St Peter’s, comme on l’appelle, dans la ville suédoise méridionale de Klippan, est depuis son achèvement en 1966 devenu un objet de vénération pour les architectes du monde entier. En Grande-Bretagne, Lewerentz a inspiré une génération pour qui la poésie de l’architecture vient avant tout des faits et des actions de construction, à l’écart de la pose de briques ou de la fixation du verre sur une ouverture. Adam Caruso et Peter St John, par exemple, qui ont remporté le prix Stirling 2016 pour la Newport Street Gallery de Londres, conçu pour Damien Hirst, ont une dette importante et reconnue. Leur admiration ressemble à celle des musiciens pour ceux qui ont une connaissance approfondie de leurs instruments – ils aiment voir les outils de leur métier honorés.

L’église Saint-Pierre de Lewerentz, Klippan, construite 1962-66 : « un objet de vénération ». Photographie : Johan Dehlin

Tous ceux qui connaissent son travail s’accordent à dire que Lewerentz était un artisan. Il se rendait quotidiennement sur le chantier de construction de Saint-Marc dans la banlieue de Stockholm à Björkhagen, une église qu’il avait réalisée juste avant Saint-Pierre, discutant de chaque détail avec les constructeurs. Il a interdit la pratique courante de couper des briques pour les faire s’adapter à un emplacement donné, insistant sur le fait qu’elles restent entières, une règle qui nécessite de la prévoyance et de l’habileté à suivre. Il a travaillé avec des briqueteries pour obtenir exactement le ton et la finition qu’il voulait sur leurs produits. Il avait un sens puissant de l’éclat sur un rail de bronze ou d’un abat-jour en cuivre ou la netteté des ombres d’une moulure classique. Il a inventé de nouvelles façons de fabriquer des fenêtres et des portes à ossature d’acier et a créé une entreprise pour les fabriquer.

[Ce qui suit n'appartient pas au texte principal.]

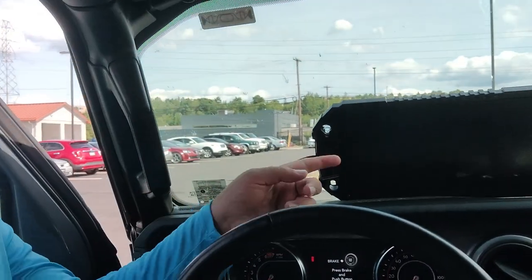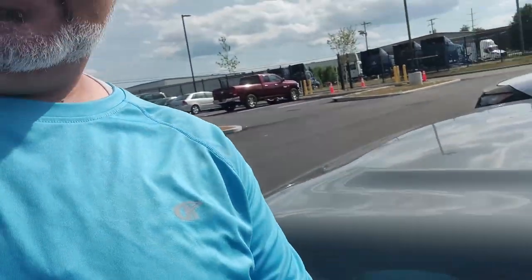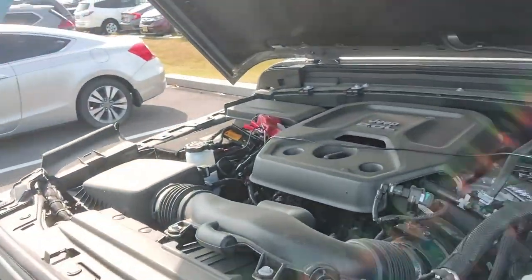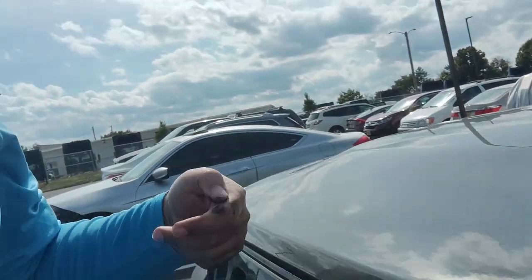So here's my hack for that. When I park my car, I put this solar panel on the windshield, run the wire — the wire comes out on the side — and it goes and clips onto the battery, positive and negative, and keeps the battery charged.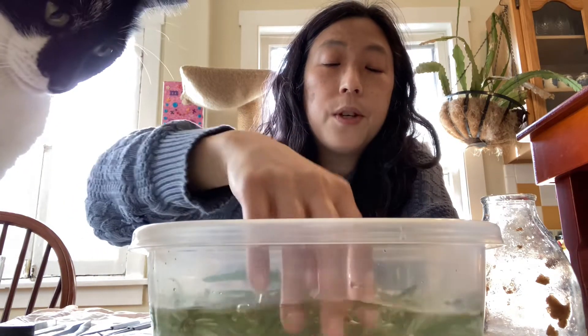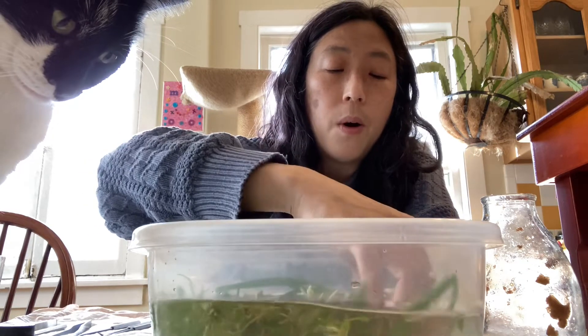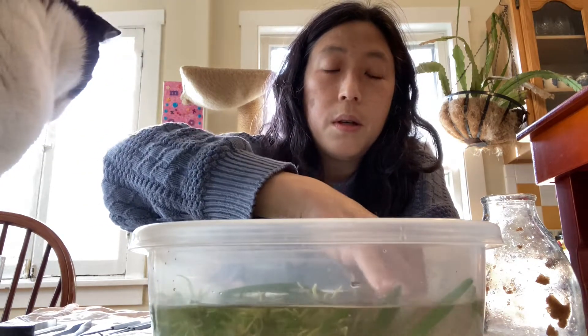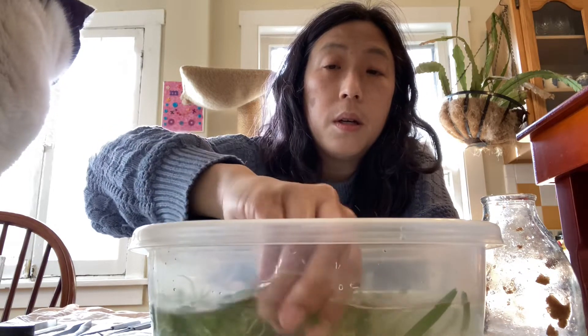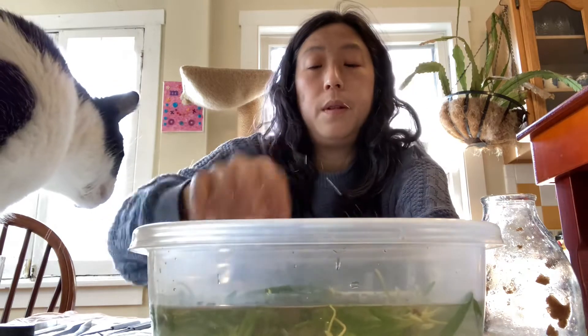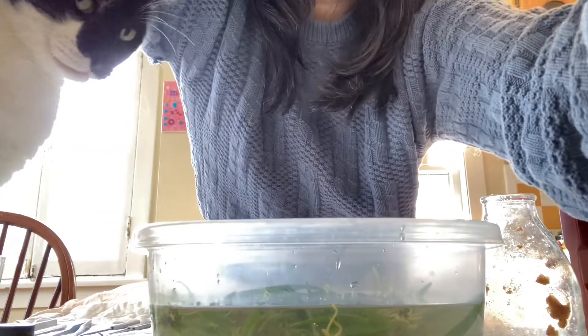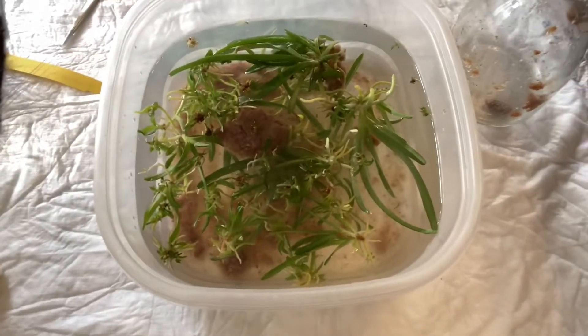So now we have — I wonder if I should make a second little container of water to put these in after I wash them. Let's have a little overhead shot. This is what the jar container looks like.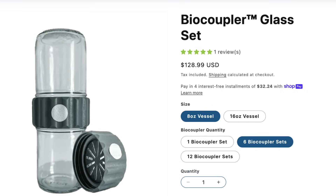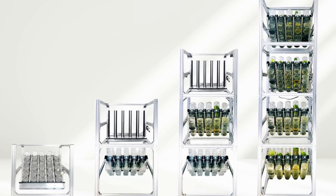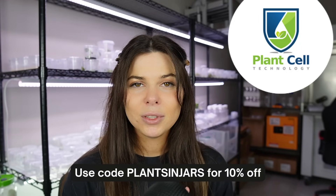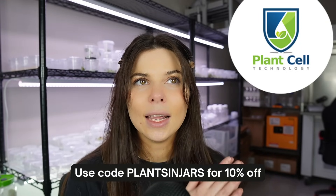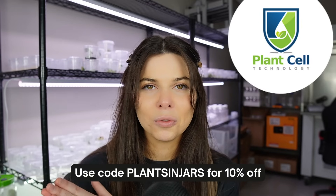One of my next videos is going to be me setting up a bunch of biocouplers for the Biotilts — you can kind of see it behind me. The Biotilts is a machine that actually flips your temporary immersion bioreactors so that you don't have to do it by hand. My code, which is PLANTSINJARS, gives you 10% off anything on the Plant Cell Technology website, including their online and in-person tissue culture masterclasses — I've taken the in-person one before and it was phenomenal. Thank you again to Plant Cell Technology for sponsoring this video, and thank you guys so much for watching.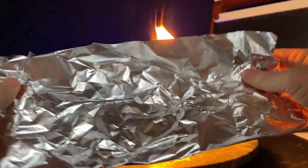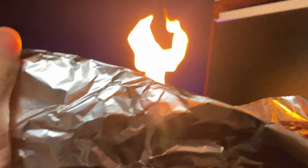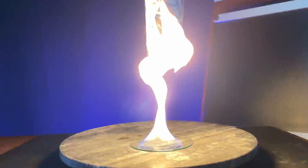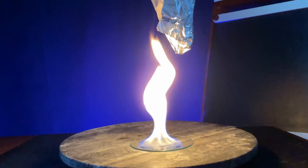The last thing I'll note is what happens if you put a spiraled aluminum sheet on a string above the flame. You see the aluminum begin to spin. There are a few more interesting applications to this. If you know any, jot them down in the comments.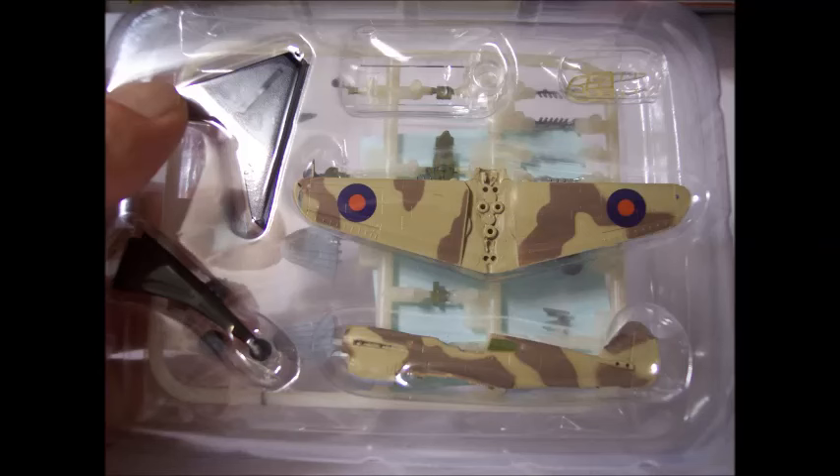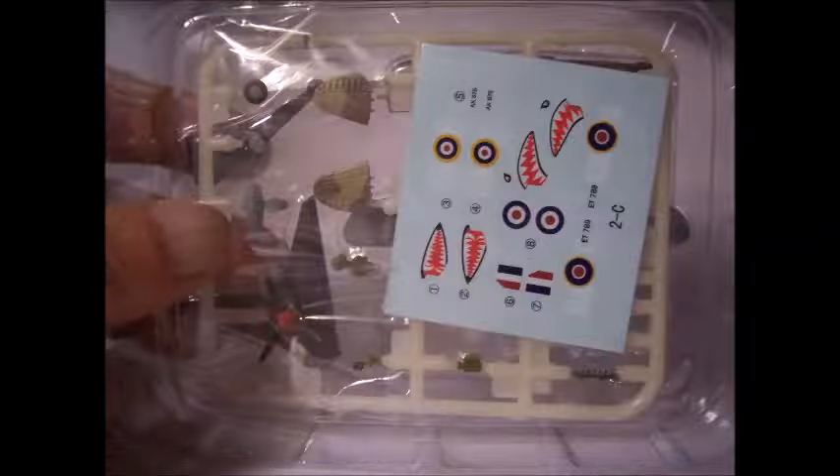This one's the RAF Africa version. Nice accurate colors — another thing is the colors are all the proper colors and they're really well done. So if you want a model you can just put together without having to deal with all the enamels or fumes and stuff, I definitely recommend these. There's the markings for the RAF Tiger. Those are some F-Toys P-40s for you to check out.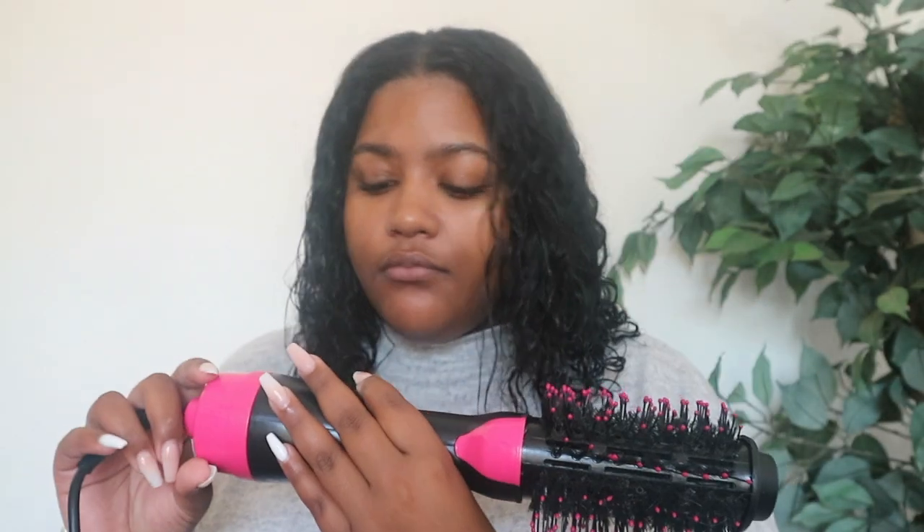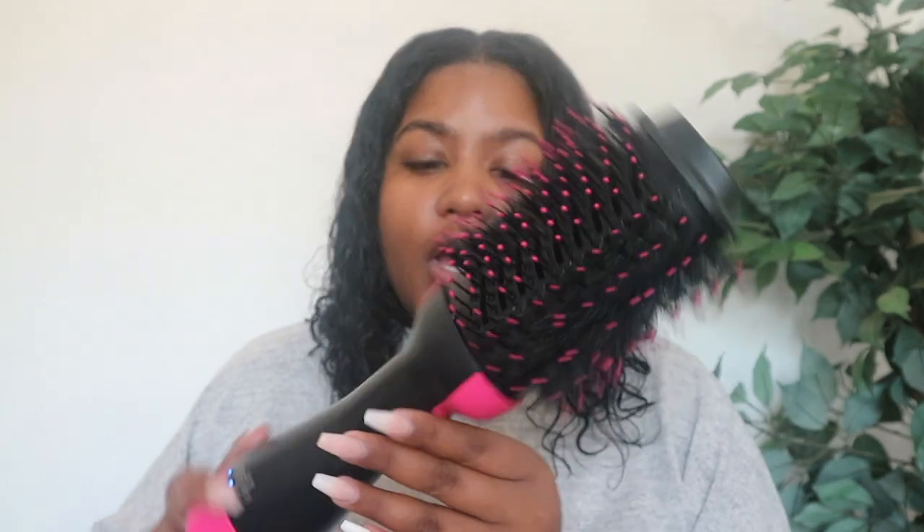A lot of people have been speaking about this brush. I've seen it all over the internet. This one is the Revlon — it's basically the dupe for the rare one. I've tried it once before and I just wanted to show you guys how easily it goes through and literally transforms your hair.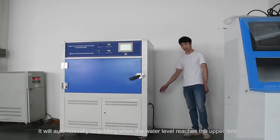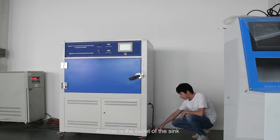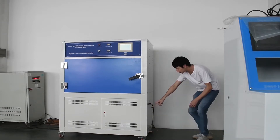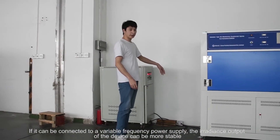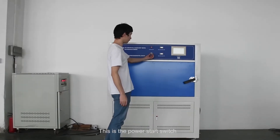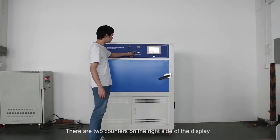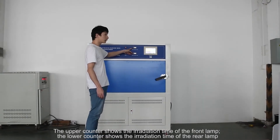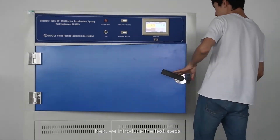It will automatically stop filling when the water level reaches the upper limit. There are two outlets below: one is the outlet of the water tank, another is the outlet of the sink. Above the outlet is the main power switch. If connected to a variable frequency power supply, the irradiance output of the device can be more stable. There are two counters on the right side of the display — the upper counter shows the irradiation time of the front lamp, and the lower counter shows the irradiation time of the rear lamp.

Il est également largement admis qu’il était dans un certain sens spirituel, mais c’est une qualité qui peut prendre plusieurs formes. Comme d’ailleurs l’artisanat. Et au-delà de leur reconnaissance de sa spiritualité et de son art, les architectes choisissent leur propre version de Lewerentz. Pour certains, il s’agit des ombres profondes de ses églises, d’où émergent des zones de lumière. Pour d’autres, c’est son expression dans l’architecture de l’expérience religieuse moderne. Un ou deux se concentrent sur la nouvelle vie qu’il a donnée aux détails classiques anciens dans ses premières conceptions.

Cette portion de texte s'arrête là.